* [INSTRUCTIONS FOR THE TASK]
Please reproduce all entries word for word, leaving every image behind.

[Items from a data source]
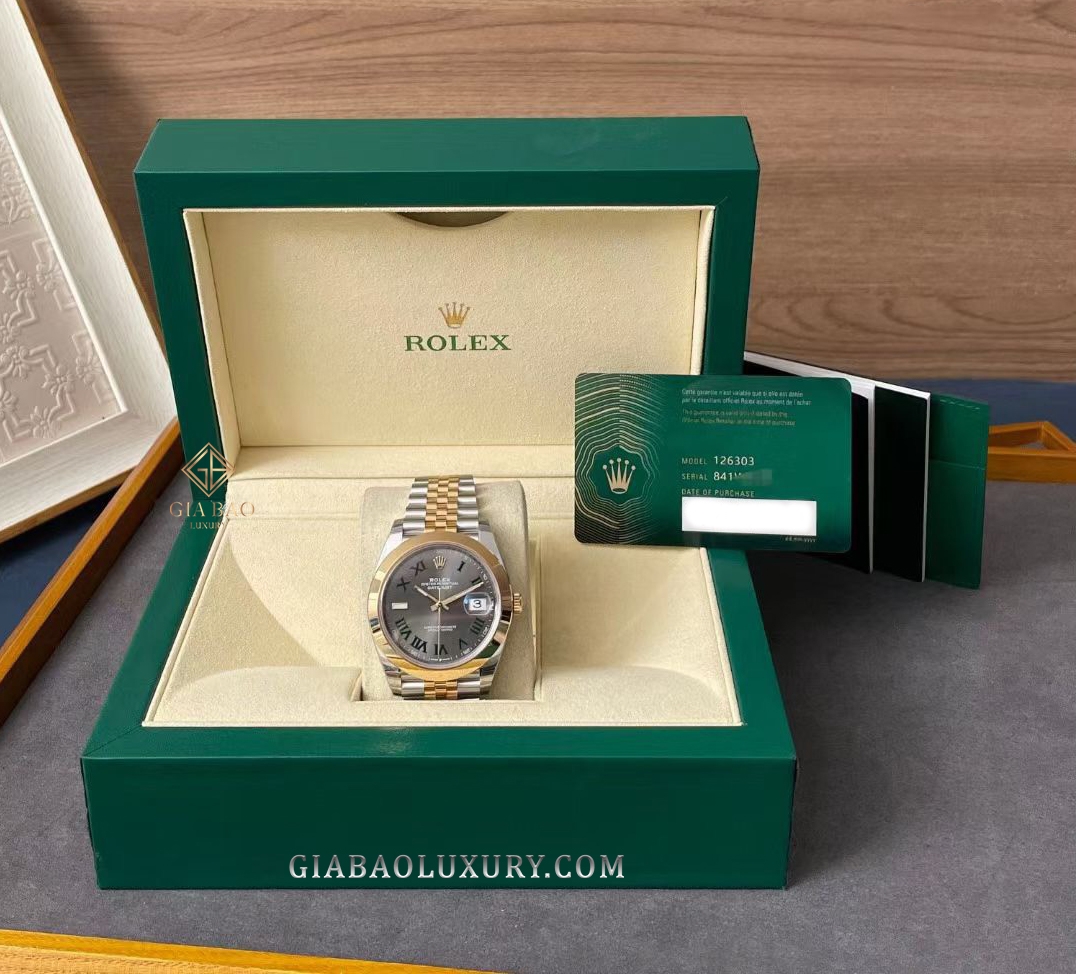 Đồng Hồ Rolex Datejust 41 126303 Mặt Số Rhodium Cọc Số La Mã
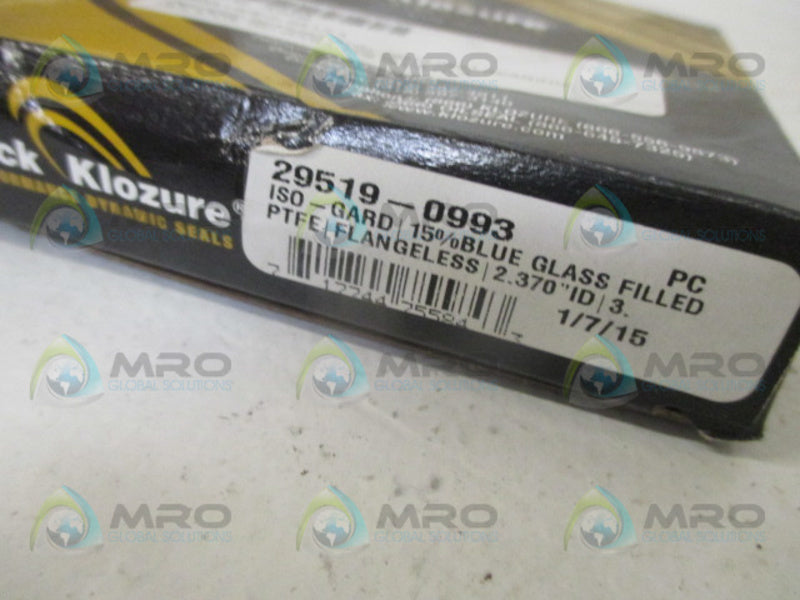 GARLOCK KLOZURE 29519-0993 ISO-GUARD NSMP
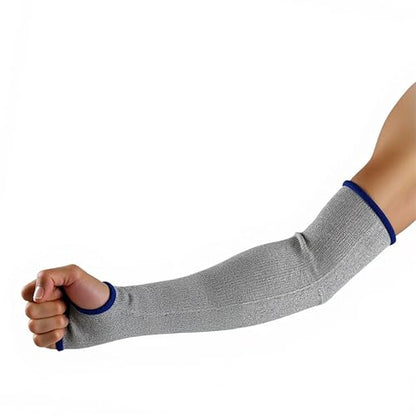 G & F PRODUCTS 100% Kevlar fiber by DuPont Cut Resistant Knit Sleeve, Sold by 6-piece pack - color: Cut Level 5 With Thumslot 18 Inch Grey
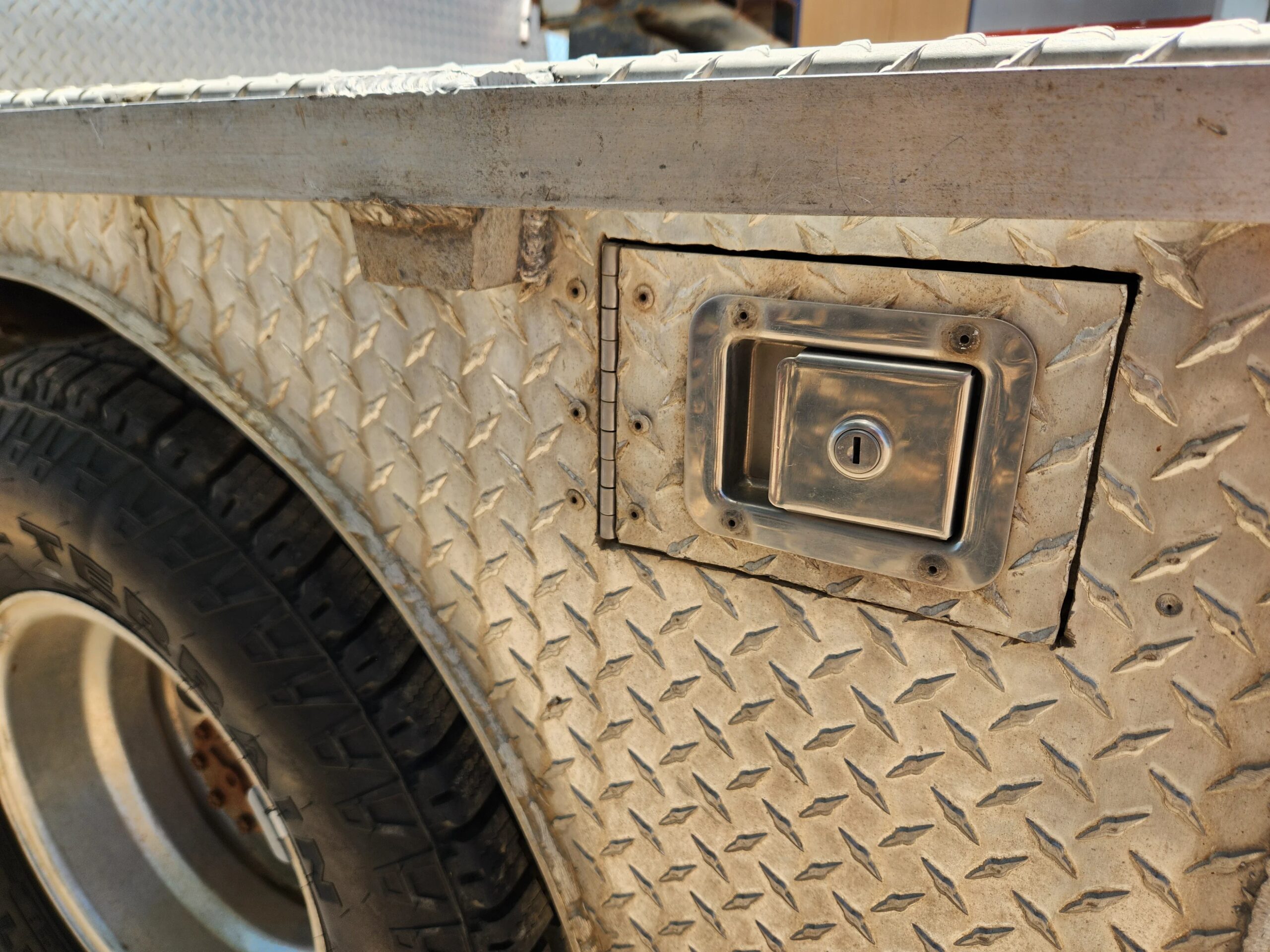 Ford-F350-4x4-supercab-super-duty-1986-Blue-Blue-7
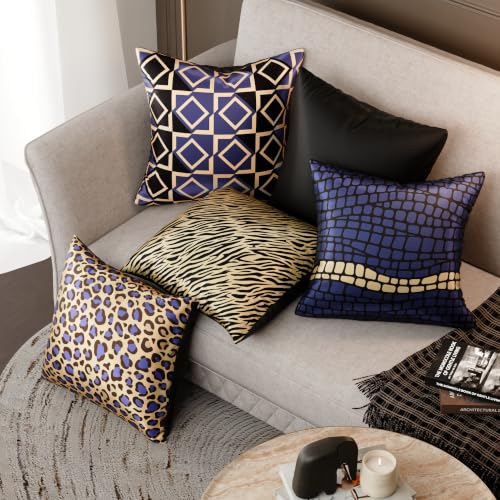 Image of Stoa Paris Cushion Cover Set of 5, Home Decor for Sofa, Bed & Living Room, Digital Printed Cushion Cover 16 Inch x 16 Inch, Soft Touch Finish, Hidden Zip Closure, Charlotte's Muse - Charlotte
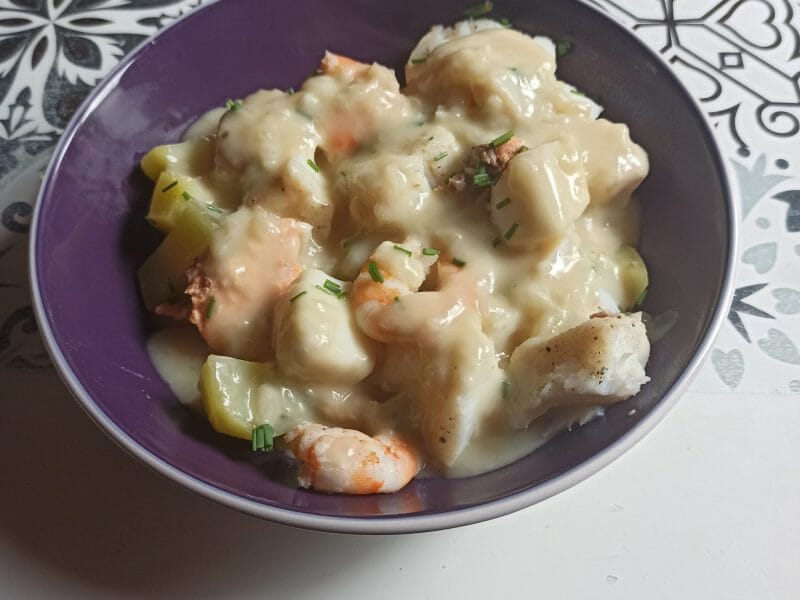 Cliquez pour zoomer ! Blanquette de la mer Thermomix par lolotte47g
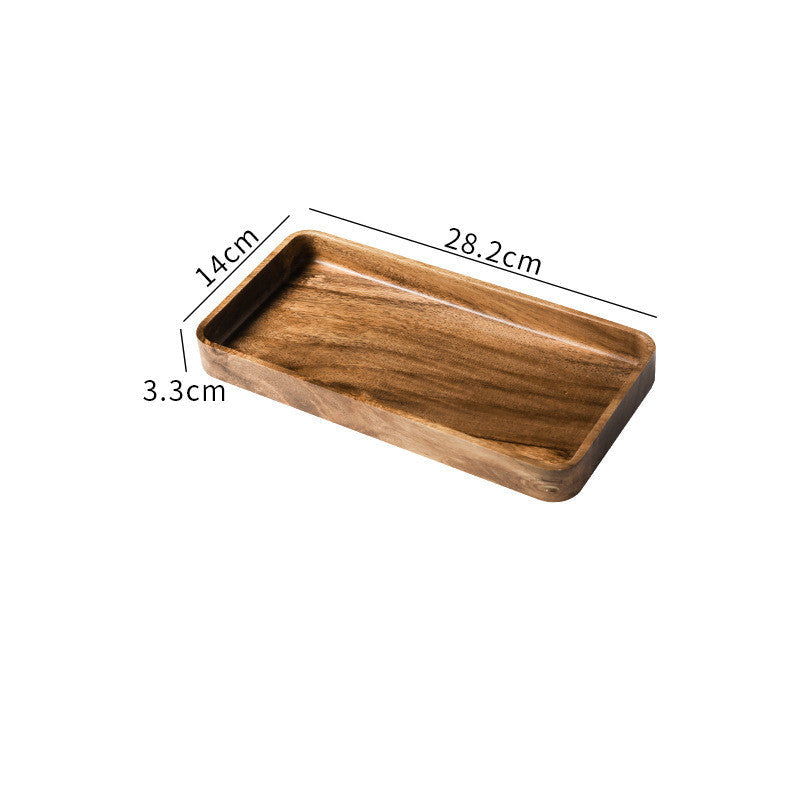 Wooden breakfast and fruit plate by WoodyKitchenware, solid wood serving display with natural wood grain and smooth finish.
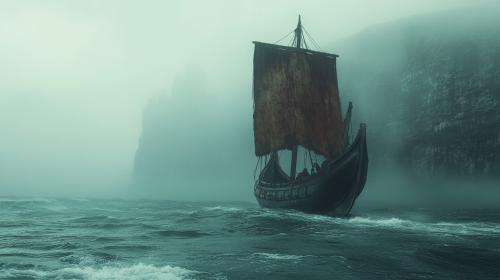 A Celtic Ship Sailing Towards Puget Sound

* [YOUR SOLUTION]
 Đồng Hồ Rolex Datejust 41 126303 Mặt Số Rhodium Cọc Số La Mã
 GARLOCK KLOZURE 29519-0993 ISO-GUARD NSMP
 G & F PRODUCTS 100% Kevlar fiber by DuPont Cut Resistant Knit Sleeve, Sold by 6-piece pack - color: Cut Level 5 With Thumslot 18 Inch Grey
 Ford-F350-4x4-supercab-super-duty-1986-Blue-Blue-7
 Image of Stoa Paris Cushion Cover Set of 5, Home Decor for Sofa, Bed & Living Room, Digital Printed Cushion Cover 16 Inch x 16 Inch, Soft Touch Finish, Hidden Zip Closure, Charlotte's Muse - Charlotte
 Cliquez pour zoomer ! Blanquette de la mer Thermomix par lolotte47g
 Wooden breakfast and fruit plate by WoodyKitchenware, solid wood serving display with natural wood grain and smooth finish.
 A Celtic Ship Sailing Towards Puget Sound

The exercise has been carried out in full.